Siddiqui v Ku-ring-gai Council

Case

[2025] NSWLEC 1739

14 October 2025

No judgment structure available for this case.

Land and Environment Court


New South Wales

Medium Neutral Citation: Siddiqui v Ku-ring-gai Council [2025] NSWLEC 1739
Hearing dates: Conciliation conference on 2 October 2025
Date of orders: 14 October 2025
Decision date: 14 October 2025
Jurisdiction:Class 1
Before: O’Neill C
Decision:

The orders of the Court are:

(1) The appeal is upheld.

(2) Development Application No eDA0115/25, as amended, for alterations and additions to an existing building to create an attached dual occupancy development at 24 Larchmont Avenue, East Killara, is determined by the grant of consent, subject to the conditions of consent at Annexure A.

Catchwords:

DEVELOPMENT APPLICATION – attached dual occupancy development – conciliation conference – agreement between the parties – orders

Legislation Cited:

Environmental Planning and Assessment Act 1979 (NSW), ss 4.16, 8.7

Land and Environment Court Act 1979 (NSW), ss 34, 34AA

Environmental Planning and Assessment Regulation 2021 (NSW), s 38

Ku-ring-gai Local Environmental Plan 2015, cll 4.3, 4.4, 4.6

State Environmental Planning Policy (Biodiversity and Conservation) 2021, 6.6

State Environmental Planning Policy (Housing) 2021, ss 164, 166, Ch 6

State Environmental Planning Policy (Resilience and Hazards) 2021, s 4.6

Cases Cited:

Cumming v Cumberland Council (No 2) [2021] NSWLEC 117

Four2Five Pty Ltd v Ashfield Council [2015] NSWLEC 90

Initial Action Pty Ltd v Woollahra Municipal Council (2018) 236 LGERA 256; [2018] NSWLEC 118

Wehbe v Pittwater Council (2007) 156 LGERA 446; [2007] NSWLEC 827

Category:Principal judgment
Parties: Fareeda Siddiqui (Applicant)
Ku-ring-gai Municipal Council (Respondent)
Representation:

Counsel:
A Gough (Solicitor) (Applicant)
C Morton (Solicitor) (Respondent)

Solicitors:
Storey & Gough Lawyers (Applicant)
Sparke Helmore Lawyers (Respondent)
File Number(s): 2025/214188
Publication restriction: Nil

JUDGMENT

  1. COMMISSIONER: This is an appeal pursuant to the provisions of s 8.7(1) of the Environmental Planning and Assessment Act 1979 (NSW) (EPA Act) against the deemed refusal of Development Application No eDA0115/25 for alterations and additions to an existing building to create an attached dual occupancy development (the proposal), at 24 Larchmont Avenue, East Killara (the site), by Ku-ring-gai Council (the Council).

  2. The Court arranged a conciliation conference under s 34AA of the Land and Environment Court Act 1979 (NSW) (LEC Act) between the parties, which was held on 2 October 2025. I presided over the conciliation conference.
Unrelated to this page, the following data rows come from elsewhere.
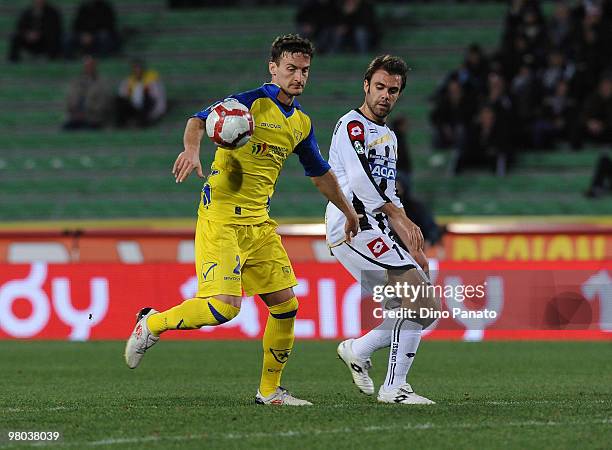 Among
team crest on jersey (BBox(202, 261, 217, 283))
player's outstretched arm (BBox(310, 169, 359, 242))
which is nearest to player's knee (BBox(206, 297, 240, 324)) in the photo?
team crest on jersey (BBox(202, 261, 217, 283))

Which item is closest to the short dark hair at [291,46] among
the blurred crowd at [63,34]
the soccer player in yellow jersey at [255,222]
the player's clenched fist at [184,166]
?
the soccer player in yellow jersey at [255,222]

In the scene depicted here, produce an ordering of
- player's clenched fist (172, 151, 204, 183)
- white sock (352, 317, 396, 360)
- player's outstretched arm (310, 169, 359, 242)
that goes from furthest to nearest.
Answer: white sock (352, 317, 396, 360)
player's outstretched arm (310, 169, 359, 242)
player's clenched fist (172, 151, 204, 183)

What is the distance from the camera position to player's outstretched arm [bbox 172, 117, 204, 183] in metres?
6.97

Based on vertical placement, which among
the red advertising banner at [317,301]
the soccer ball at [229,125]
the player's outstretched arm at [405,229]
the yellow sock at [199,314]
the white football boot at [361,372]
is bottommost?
the red advertising banner at [317,301]

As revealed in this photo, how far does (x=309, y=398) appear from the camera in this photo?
856 cm

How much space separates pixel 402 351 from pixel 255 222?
1257 mm

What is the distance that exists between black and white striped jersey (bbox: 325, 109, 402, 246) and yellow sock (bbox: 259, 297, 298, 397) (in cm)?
→ 65

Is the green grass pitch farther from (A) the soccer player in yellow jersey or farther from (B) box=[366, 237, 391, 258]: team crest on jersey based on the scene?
(B) box=[366, 237, 391, 258]: team crest on jersey

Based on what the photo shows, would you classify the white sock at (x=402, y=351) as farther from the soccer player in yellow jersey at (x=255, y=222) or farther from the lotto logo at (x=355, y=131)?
the lotto logo at (x=355, y=131)

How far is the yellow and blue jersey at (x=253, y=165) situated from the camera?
7773 millimetres

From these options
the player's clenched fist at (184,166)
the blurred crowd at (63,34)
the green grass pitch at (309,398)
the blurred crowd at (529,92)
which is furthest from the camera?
the blurred crowd at (63,34)

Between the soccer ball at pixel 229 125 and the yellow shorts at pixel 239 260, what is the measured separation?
623mm

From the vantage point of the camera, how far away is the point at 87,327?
1521 centimetres

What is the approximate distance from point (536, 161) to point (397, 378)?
1278 cm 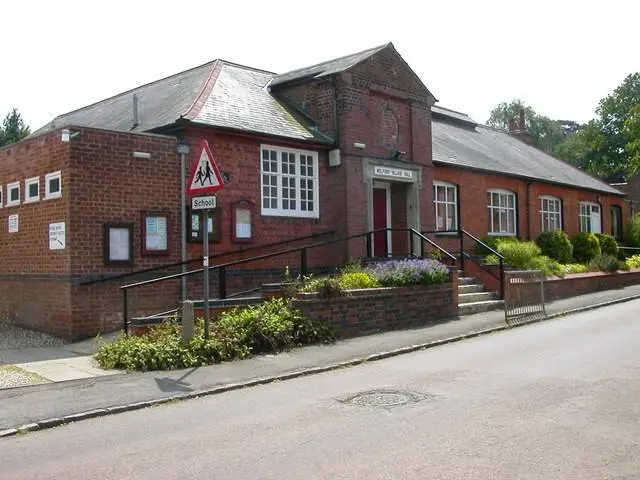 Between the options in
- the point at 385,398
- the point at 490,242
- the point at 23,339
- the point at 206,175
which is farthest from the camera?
the point at 490,242

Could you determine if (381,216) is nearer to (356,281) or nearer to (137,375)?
(356,281)

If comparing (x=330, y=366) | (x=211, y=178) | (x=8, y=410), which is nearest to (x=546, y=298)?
(x=330, y=366)

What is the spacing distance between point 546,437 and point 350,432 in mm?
1745

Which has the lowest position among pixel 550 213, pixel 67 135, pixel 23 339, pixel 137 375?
pixel 137 375

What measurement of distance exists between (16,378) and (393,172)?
11.6 metres

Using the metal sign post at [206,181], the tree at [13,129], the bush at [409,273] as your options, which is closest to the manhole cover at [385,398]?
the metal sign post at [206,181]

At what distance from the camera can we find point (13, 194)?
14805 mm

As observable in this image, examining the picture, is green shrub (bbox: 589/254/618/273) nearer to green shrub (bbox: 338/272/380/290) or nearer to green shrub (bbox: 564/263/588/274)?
green shrub (bbox: 564/263/588/274)

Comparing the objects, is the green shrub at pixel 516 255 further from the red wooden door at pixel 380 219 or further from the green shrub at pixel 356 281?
the green shrub at pixel 356 281

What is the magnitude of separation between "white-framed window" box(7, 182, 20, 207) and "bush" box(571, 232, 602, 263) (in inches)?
801

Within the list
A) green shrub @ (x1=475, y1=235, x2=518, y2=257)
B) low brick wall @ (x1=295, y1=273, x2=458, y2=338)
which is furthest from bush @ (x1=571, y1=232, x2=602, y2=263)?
low brick wall @ (x1=295, y1=273, x2=458, y2=338)

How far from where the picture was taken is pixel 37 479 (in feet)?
17.1

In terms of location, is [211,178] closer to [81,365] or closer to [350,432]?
[81,365]

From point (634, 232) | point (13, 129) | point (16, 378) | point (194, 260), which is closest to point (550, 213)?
point (634, 232) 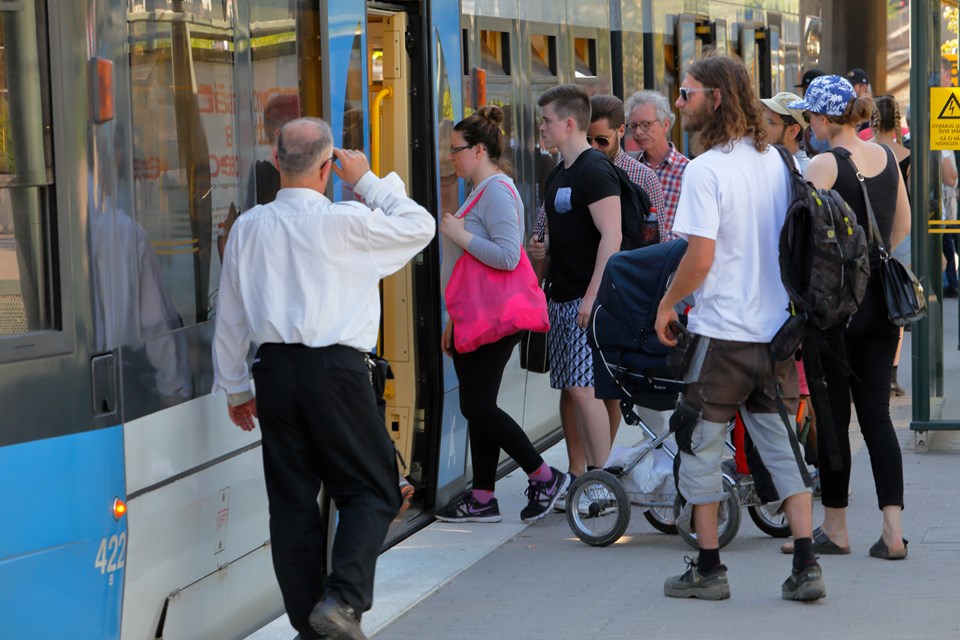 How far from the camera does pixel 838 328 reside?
17.6 ft

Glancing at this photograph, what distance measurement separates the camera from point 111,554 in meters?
4.01

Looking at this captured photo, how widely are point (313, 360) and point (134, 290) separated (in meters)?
0.55

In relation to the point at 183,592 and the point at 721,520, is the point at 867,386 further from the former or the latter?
the point at 183,592

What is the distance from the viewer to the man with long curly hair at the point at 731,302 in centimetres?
510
At the conciliation conference, the parties reached agreement as to the terms of a decision in the proceedings that would be acceptable to the parties. Under s 34(3) of the LEC Act, I must dispose of the proceedings in accordance with the parties’ decision if the parties’ decision is a decision that the Court could have made in the proper exercise of its functions.

  3. The parties’ decision involves the Court exercising the function under s 4.16 of the EPA Act to grant consent to the development application. There are preconditions to the exercise of power to grant development consent for the proposal.

Amended application

  1. The Council, as the consent authority, consented to the amendment of the application pursuant to s 38(1) of the Environmental Planning and Assessment Regulation 2021 (NSW). The plans and documents comprising the amended application are:

  1. Architectural Plans prepared by Top Design Architecture, as follows:

Drawing Number

Drawing Name

Date

DA 0-01 (Revision D)

Site Plan

25 September 2025

DA 0-02 (Revision D)

Site Analysis Plan

25 September 2025

DA 0-03 (Revision D)

GFA Calculations

25 September 2025

DA 0-04 (Revision C)

Built -Upon Area Calculations

24 September 2025

DA 0-05 (Revision D)

Demolition Plan

25 September 2025

DA 1-01 (Revision G)

Ground Floor Plan

25 September 2025

DA 1-02 (Revision H)

First Floor Plan

30 September 2025

DA 1-03 (Revision H)

Car Parking Plan

29 September 2025

DA 2-01 (Revision H)

South East Elevation – Larchmont Avenue

30 September 2025

DA 2-02 (Revision F)

North East Elevation – Churchill Road

29 September 2025

DA 2-03 (Revision F)

North West Elevation – Side

29 September 2025

DA 2-04 (Revision G)

South West Elevation – Rear

30 September 2025

DA 2-05 (Revision G)

Fence Details

30 September 2025

DA 3-01 (Revision E)

Long Section A

29 September 2025

DA 3-02 (Revision E)

Cross Section B

29 September 2025

DA 4-01 (Revision F)

Schedule of Finishes

30 September 2025

DA 5-01 (Revision A)

Shadows – South East Elevation 21 June

16 September 2025

DA 5-02 (Revision A)

Shadows – North West Elevation 21 June

16 September 2025

DA 5-03 (Revision A)

Shadows – South East Elevation 21 March

16 September 2025

DA 5-04 (Revision A)

Shadows – South East Elevation 21 March

16 September 2025

  1. Landscape Plans prepared by John Chetham and Associates:

Drawing Number

Drawing Name

Date

LP01 (Revision D)

Site Landscape Plan

12 September 2025

LP02 (Revision E)

Landscape Planting Details

17 September 2025

LP03 (Revision B)

Landscape Area Plan

17 September 2025

LP04 (Revision E)

Landscape Maintenance Plan

17 September 2025

  1. Stormwater Management Plans prepared by Hydracor Consulting Engineers, issue D, dated 22 September 2025 and Drawing Nos. C1 to C8

  2. Written Request prepared by JLA dated 1 October 2025.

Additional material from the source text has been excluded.